KUTAIPANRITA.ID, KUTAI KARTANEGARA – Pemerintah Kabupaten Kutai Kartanegara (Kukar) menegaskan dukungan penuh terhadap penguatan peran Gerakan Pramuka sebagai wadah pembinaan generasi muda yang berkarakter, disiplin, dan berjiwa nasionalis. Hal ini disampaikan dalam kegiatan Musyawarah Cabang (Muscab) Gerakan Pramuka Kukar Tahun 2025 yang digelar di Gedung Pramuka Kukar, Rabu (12/11/2025).
Kegiatan tersebut secara resmi dibuka oleh Asisten III Setkab Kukar Bidang Administrasi Umum, Dafip Haryanto, mewakili Bupati Kukar Aulia Rahman Basri. Dalam sambutannya, Aulia menekankan bahwa Muscab merupakan momentum penting bagi Gerakan Pramuka untuk melakukan evaluasi, menyusun rencana kerja strategis, dan memilih kepengurusan baru yang siap membawa semangat pembaharuan.
“Muscab ini bukan hanya ajang pergantian kepemimpinan, tetapi juga forum untuk memperkuat arah gerak organisasi agar lebih relevan dengan perkembangan zaman,” ujar Aulia dalam sambutan tertulisnya yang dibacakan Dafip Haryanto.
Menurutnya, keberadaan Gerakan Pramuka sangat strategis dalam membentuk karakter generasi muda, terutama di tengah tantangan era digital dan disrupsi sosial. Pramuka diharapkan tetap menjadi garda terdepan dalam menanamkan nilai-nilai Tri Satya dan Dasa Darma, yang berisi komitmen terhadap ketuhanan, kemanusiaan, tanggung jawab sosial, dan pengabdian kepada bangsa.

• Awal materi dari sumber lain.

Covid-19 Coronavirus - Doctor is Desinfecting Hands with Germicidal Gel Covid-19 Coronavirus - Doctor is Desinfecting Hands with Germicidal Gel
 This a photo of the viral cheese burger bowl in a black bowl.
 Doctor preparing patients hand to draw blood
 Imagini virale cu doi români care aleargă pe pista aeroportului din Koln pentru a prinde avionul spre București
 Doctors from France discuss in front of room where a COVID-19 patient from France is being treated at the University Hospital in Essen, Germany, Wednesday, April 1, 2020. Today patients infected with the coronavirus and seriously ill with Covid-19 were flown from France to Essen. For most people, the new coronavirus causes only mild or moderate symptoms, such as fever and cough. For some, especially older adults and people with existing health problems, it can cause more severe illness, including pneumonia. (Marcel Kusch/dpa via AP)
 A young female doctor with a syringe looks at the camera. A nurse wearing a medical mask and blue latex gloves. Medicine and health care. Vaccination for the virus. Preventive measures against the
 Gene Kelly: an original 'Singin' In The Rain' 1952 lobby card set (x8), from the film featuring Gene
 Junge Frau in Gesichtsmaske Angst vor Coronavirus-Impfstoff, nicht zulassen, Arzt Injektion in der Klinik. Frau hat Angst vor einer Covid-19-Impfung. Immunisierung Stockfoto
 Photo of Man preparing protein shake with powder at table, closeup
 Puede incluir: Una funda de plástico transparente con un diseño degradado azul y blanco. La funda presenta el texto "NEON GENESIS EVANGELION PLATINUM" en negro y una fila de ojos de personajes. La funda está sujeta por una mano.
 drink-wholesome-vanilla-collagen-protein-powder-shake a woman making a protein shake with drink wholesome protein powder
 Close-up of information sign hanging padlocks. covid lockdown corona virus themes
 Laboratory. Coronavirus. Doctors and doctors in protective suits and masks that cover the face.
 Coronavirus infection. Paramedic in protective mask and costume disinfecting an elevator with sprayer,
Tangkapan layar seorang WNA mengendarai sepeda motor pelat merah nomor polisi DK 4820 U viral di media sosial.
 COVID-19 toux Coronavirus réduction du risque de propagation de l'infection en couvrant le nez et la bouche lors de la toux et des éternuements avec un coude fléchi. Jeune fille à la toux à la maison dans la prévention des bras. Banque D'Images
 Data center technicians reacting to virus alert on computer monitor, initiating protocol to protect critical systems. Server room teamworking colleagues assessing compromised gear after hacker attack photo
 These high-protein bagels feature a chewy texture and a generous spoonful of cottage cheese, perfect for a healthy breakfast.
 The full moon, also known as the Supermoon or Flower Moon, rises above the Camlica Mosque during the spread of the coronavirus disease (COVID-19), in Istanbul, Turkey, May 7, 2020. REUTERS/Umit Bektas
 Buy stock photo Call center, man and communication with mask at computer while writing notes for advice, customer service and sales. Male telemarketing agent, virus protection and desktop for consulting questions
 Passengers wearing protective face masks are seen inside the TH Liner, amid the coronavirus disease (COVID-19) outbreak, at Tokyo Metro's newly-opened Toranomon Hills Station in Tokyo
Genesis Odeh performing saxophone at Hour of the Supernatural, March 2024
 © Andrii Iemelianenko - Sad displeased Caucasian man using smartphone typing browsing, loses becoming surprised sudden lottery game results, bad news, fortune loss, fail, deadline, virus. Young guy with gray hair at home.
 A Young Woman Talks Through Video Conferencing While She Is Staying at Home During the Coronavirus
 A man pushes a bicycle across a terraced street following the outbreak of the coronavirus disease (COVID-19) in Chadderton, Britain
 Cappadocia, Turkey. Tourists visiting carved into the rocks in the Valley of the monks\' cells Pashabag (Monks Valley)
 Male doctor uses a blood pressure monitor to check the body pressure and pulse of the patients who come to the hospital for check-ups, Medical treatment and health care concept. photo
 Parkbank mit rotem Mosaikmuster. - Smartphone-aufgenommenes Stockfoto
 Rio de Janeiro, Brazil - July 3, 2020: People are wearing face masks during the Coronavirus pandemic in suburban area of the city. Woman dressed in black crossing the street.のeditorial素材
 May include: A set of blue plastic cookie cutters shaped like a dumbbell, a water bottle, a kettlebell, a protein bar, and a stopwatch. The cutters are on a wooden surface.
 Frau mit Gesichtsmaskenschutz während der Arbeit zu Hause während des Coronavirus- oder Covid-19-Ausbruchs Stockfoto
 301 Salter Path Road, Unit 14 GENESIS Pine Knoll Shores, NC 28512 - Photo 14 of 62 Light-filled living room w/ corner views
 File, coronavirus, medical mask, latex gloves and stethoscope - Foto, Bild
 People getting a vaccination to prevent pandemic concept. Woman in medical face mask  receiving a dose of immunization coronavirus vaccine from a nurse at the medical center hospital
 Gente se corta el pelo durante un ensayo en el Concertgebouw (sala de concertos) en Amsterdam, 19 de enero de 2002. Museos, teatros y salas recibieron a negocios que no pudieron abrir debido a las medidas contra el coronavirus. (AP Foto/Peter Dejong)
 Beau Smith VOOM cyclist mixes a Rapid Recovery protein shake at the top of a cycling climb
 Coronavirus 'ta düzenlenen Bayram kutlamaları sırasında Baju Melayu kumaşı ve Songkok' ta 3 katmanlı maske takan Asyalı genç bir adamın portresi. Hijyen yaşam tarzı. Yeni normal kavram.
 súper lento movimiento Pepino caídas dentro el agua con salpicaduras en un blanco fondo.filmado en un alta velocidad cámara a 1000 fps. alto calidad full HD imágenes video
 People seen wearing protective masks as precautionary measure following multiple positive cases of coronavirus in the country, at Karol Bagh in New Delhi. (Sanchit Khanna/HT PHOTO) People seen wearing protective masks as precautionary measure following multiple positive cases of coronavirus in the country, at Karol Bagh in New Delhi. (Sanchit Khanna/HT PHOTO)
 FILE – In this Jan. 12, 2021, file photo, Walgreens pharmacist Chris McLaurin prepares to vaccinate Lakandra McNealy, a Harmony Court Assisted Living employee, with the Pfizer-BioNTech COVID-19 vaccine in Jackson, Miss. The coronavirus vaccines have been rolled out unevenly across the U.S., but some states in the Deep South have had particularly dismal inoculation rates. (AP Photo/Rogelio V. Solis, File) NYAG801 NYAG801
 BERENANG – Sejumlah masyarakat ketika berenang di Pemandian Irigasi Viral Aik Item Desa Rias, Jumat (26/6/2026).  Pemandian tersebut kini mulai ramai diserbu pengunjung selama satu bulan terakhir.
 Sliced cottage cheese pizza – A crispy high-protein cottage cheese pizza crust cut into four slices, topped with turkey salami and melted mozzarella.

“Tri Satya dan Dasa Darma adalah pedoman moral yang membentuk Pramuka menjadi pribadi yang tangguh, disiplin, dan berintegritas. Nilai-nilai itu sangat relevan untuk menjawab tantangan masa kini,” ujarnya.
Bupati juga memberikan apresiasi kepada kepemimpinan Drs. Edi Damansyah, M.Si, yang selama lima tahun terakhir berhasil membawa Kwarcab Gerakan Pramuka Kukar meraih predikat Pramuka Tergiat se-Kalimantan Timur secara berturut-turut. Pencapaian tersebut menjadi bukti nyata dari konsistensi dan kerja keras seluruh jajaran dalam melakukan pembinaan kepramukaan.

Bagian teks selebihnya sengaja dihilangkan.